> [Information provided]:
──────

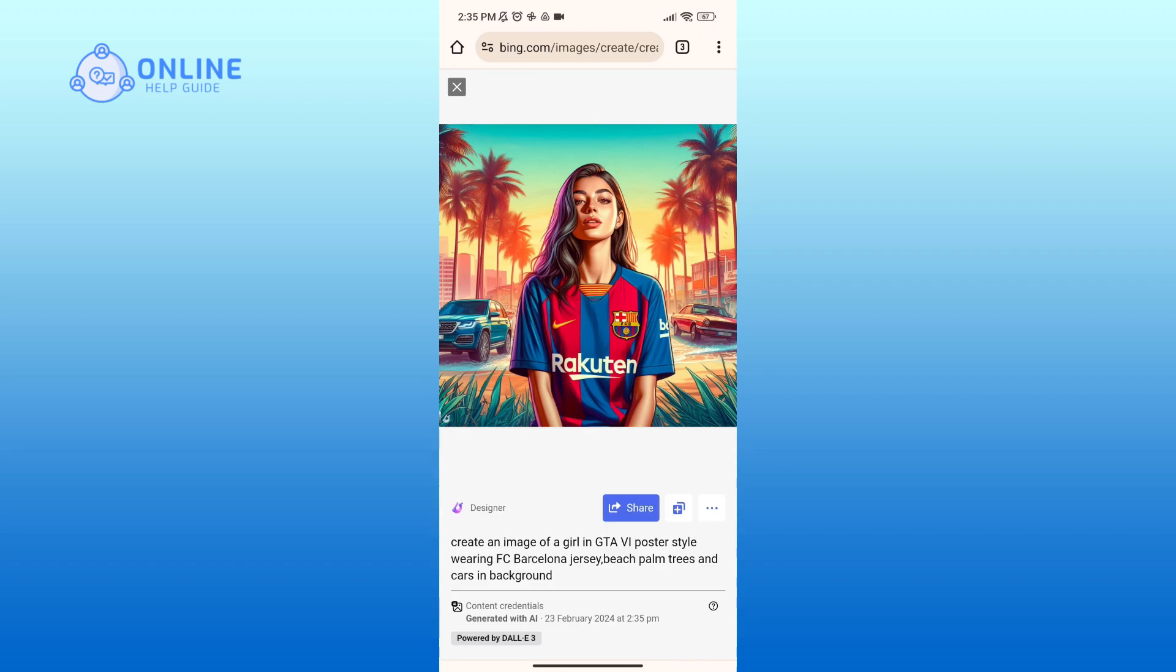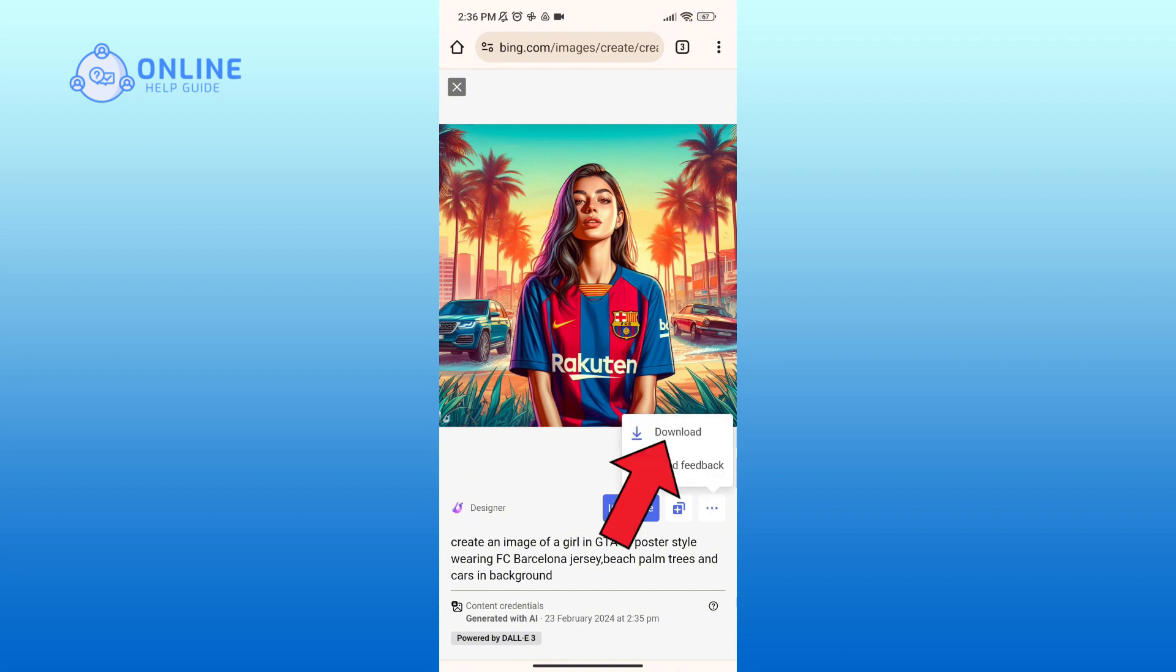If you want to download this image, then simply tap on the three horizontal dots on the right-hand side of your screen, then tap on the Download option.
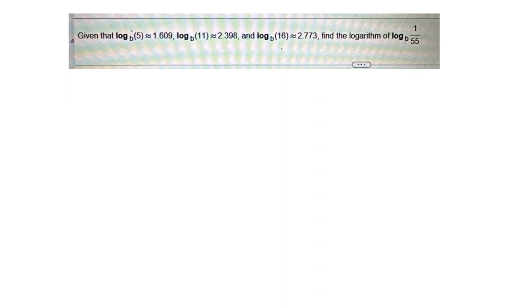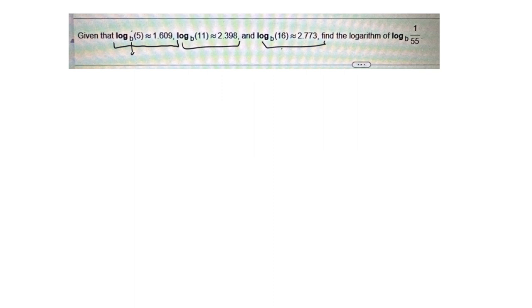Alright, here's a good question — I love this question, and there will be one like this on the test. They say the log base b of 5 is about 1.609, and log base b of 11 is 2.3398. They don't tell you what b is. You could figure it out using exponential form and a same-base approach, but there are other ways to solve this question, and that's how I'll show it.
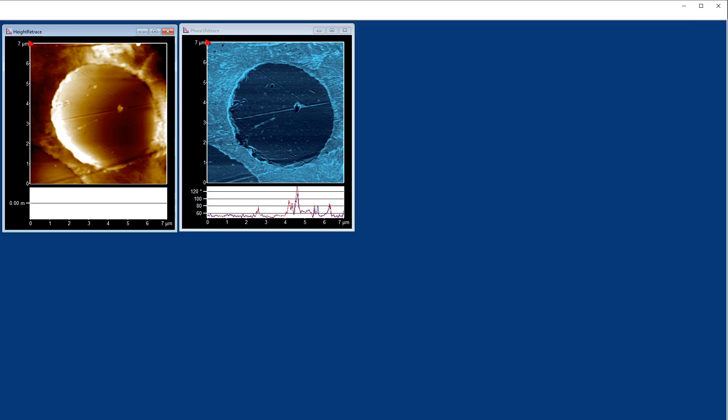AMFM is an extension of conventional tapping mode, which is a well-established mode for generating topographical images by scanning an oscillating probe across the surface. Along with topography, shown on the left here, we can also get phase. Phase is an indicator of differences in mechanical properties of your material.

──────

> [Assigned task]:
Return the full set of lines above word for word and with no pictures.

> [Answer to the exercise]:
If you want to download this image, then simply tap on the three horizontal dots on the right-hand side of your screen, then tap on the Download option.
Alright, here's a good question — I love this question, and there will be one like this on the test. They say the log base b of 5 is about 1.609, and log base b of 11 is 2.3398. They don't tell you what b is. You could figure it out using exponential form and a same-base approach, but there are other ways to solve this question, and that's how I'll show it.
AMFM is an extension of conventional tapping mode, which is a well-established mode for generating topographical images by scanning an oscillating probe across the surface. Along with topography, shown on the left here, we can also get phase. Phase is an indicator of differences in mechanical properties of your material.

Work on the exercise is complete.